SURINAME: Protesters to take legal actions against Suriname government for violation of fundamental rights

Last Updated on Wednesday, 26 April 2017, 13:22 by Denis Chabrol

By Ivan Cairo

PARAMARIBO, Suriname; Trade unions and other civil groups which for the past weeks have staged protest demonstrations against the government, are filing a lawsuit against the government for violating their fundamental rights.

Legal actions are being taken since the authorities Tuesday prevented the organizations to hold a demonstration at Independence Square in the Surinamese capital, Paramaribo.
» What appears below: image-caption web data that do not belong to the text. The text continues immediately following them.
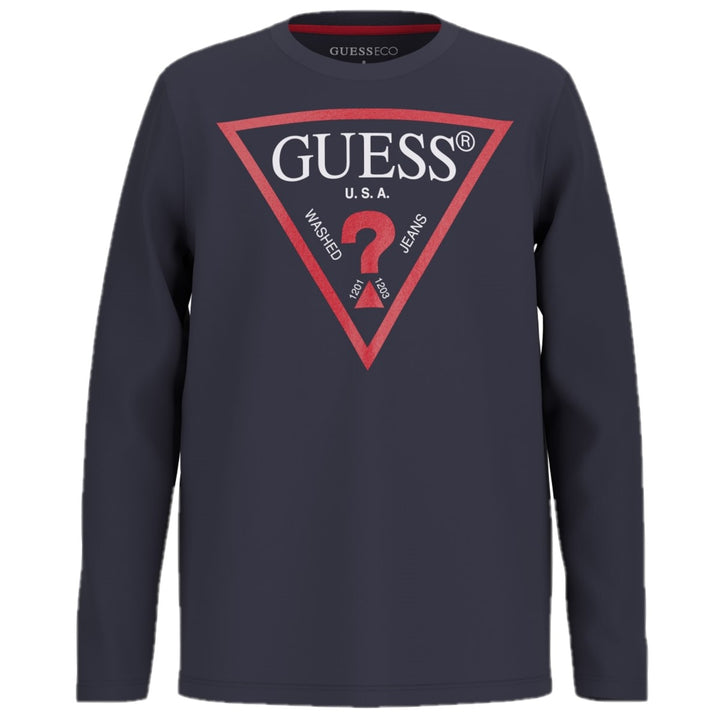 T-SHIRT GUESS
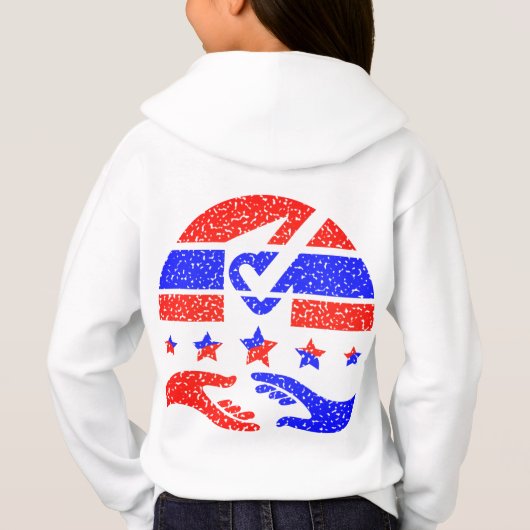 Unité dans l'action - Un phare du partenariat (Dos)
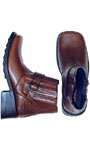Diesel - DIESEL BRANDO BOOT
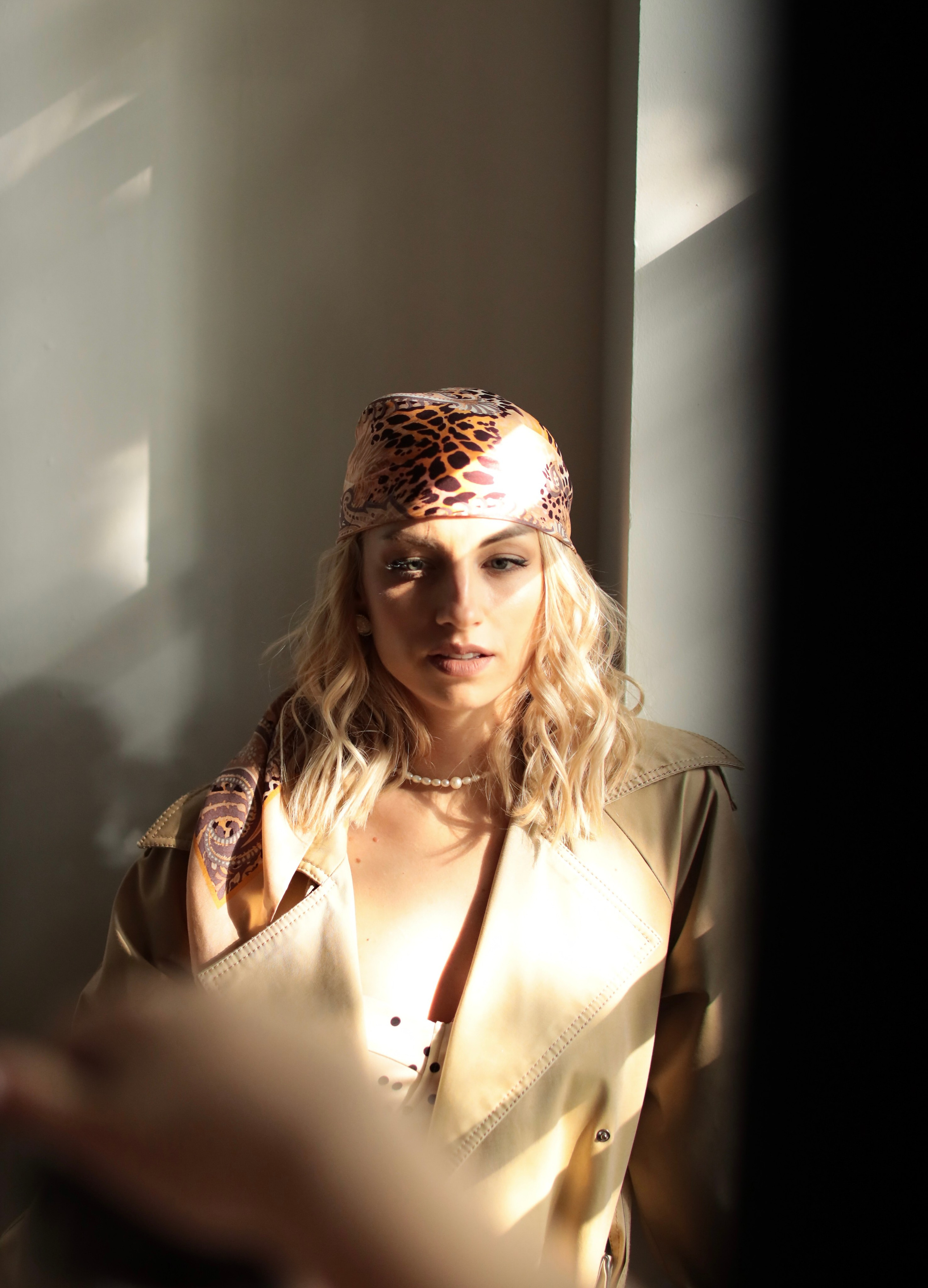 Natural light. Ekateryna Mishina|MishKa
Initially the unions planned to present a petition to the Speaker of the House and applied for a license as is required by the authorities.

However, the District Commissioner changed the planned route of the protest march unilaterally and without the consent of the applicants for the license. As a result, protesters could not go to the Independence Square. Only six participants were allowed to move on to The National Assembly to present the petition to Jennifer Geerlings-Simons, Speaker of the House. Geerlings-Simons said that she will investigate why protesters were barred from the square. “This is a violation of our fundamental right to hold peaceful demonstrations everywhere in the country”, said Robby Naarendorp, Secretary-General of the C-47 trade union. This is the first time ever that a group was denied access to the Independence Square to demonstrate.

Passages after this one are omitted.